Les dispositifs de sécurité renforcés et les interdictions de circulation mis en place mercredi soir ont été levés jeudi matin aux abords de la présidence où la circulation était normale, ont constaté des journalistes de l'AFP.
La tension y était brusquement montée peu avant 20H00 locales (19H00 GMT) lorsque des tirs nourris ont éclaté, puis duré près d'une heure, en plein centre de la capitale de ce pays pauvre d'Afrique centrale dirigé par une junte militaire et à l'histoire jalonnée de coups d'Etat ou tentatives.
Selon le porte-parole du gouvernement, Abderaman Koulamallah, un groupe de "24 personnes", qu'il a décrites comme "un ramassis de pieds nickelés" drogués et alcoolisés venus en civil d'un quartier pauvre du sud de la ville avec "des armes, des coupe-coupe (machettes, NDLR) et des couteaux", s'est attaqué aux gardes du palais présidentiel, avant d'être rapidement neutralisé. "Il y a eu 18 morts et 6 blessés" chez les assaillants, qui ont tué un garde de la présidence et blessé trois autres dont deux grièvement, a-t-il précisé mercredi soir.
Des vidéos partagées sur les réseaux sociaux et présentées comme filmées par les militaires à l'entrée de la présidence montraient des forces de sécurité tchadiennes circulant entre de nombreux cadavres ensanglantés étendus sur un sol jonché de tâches de sang.
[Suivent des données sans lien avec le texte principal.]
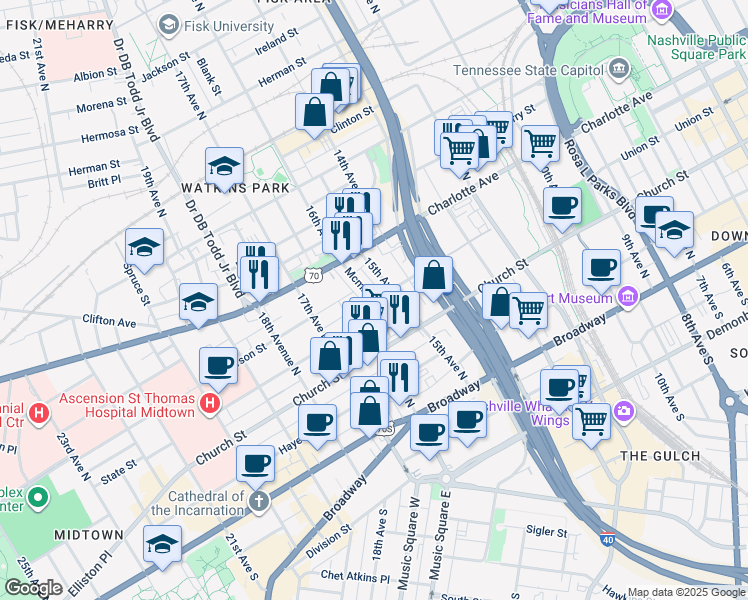 map of restaurants, bars, coffee shops, grocery stores, and more near 307 15th Avenue North in Nashville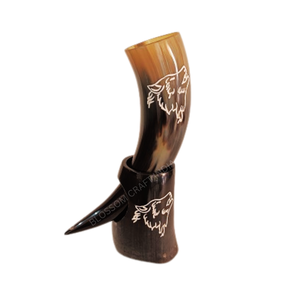 Taza de cuerno de vaca de cerámica de 500ml vikingo de moda hecha a mano, Guerrero grabado personalizado, mejor precio, regalo de cuerno de buey Real - Product Image 6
D'autres sont vivants et assis au sol, ligotés. Tous sont apparemment de jeunes hommes en habits civils (jeans, shorts ou jogging, chemises, T-shirts, baskets), parfois en guenilles, entre deux mares de sang.
"La situation est totalement maîtrisée. (...) Toute cette tentative de déstabilisation a été éradiquée", a ajouté M. Koulamallah en milieu de soirée dans une vidéo publiée sur Facebook depuis le palais présidentiel, où il apparaissait arme à la ceinture au milieu de forces de sécurité. Interrogé ensuite sur la télévision nationale, le porte-parole du gouvernement a estimé que l'attaque n'était "probablement pas terroriste".
"Montage"
Le chef de l'Etat, Mahamat Idriss Déby Itno, se trouvait au palais au moment de l'attaque, a indiqué à l'AFP M. Koulamallah, sans plus de précisions. Il ne s'est pas exprimé publiquement à ce stade. "Les Tchadiens peuvent dormir sur leurs deux oreilles, notre pays est bien gardé quand même, félicitations aux forces de défense et de sécurité !", avait conclu le porte-parole à la télévision nationale en fin de soirée.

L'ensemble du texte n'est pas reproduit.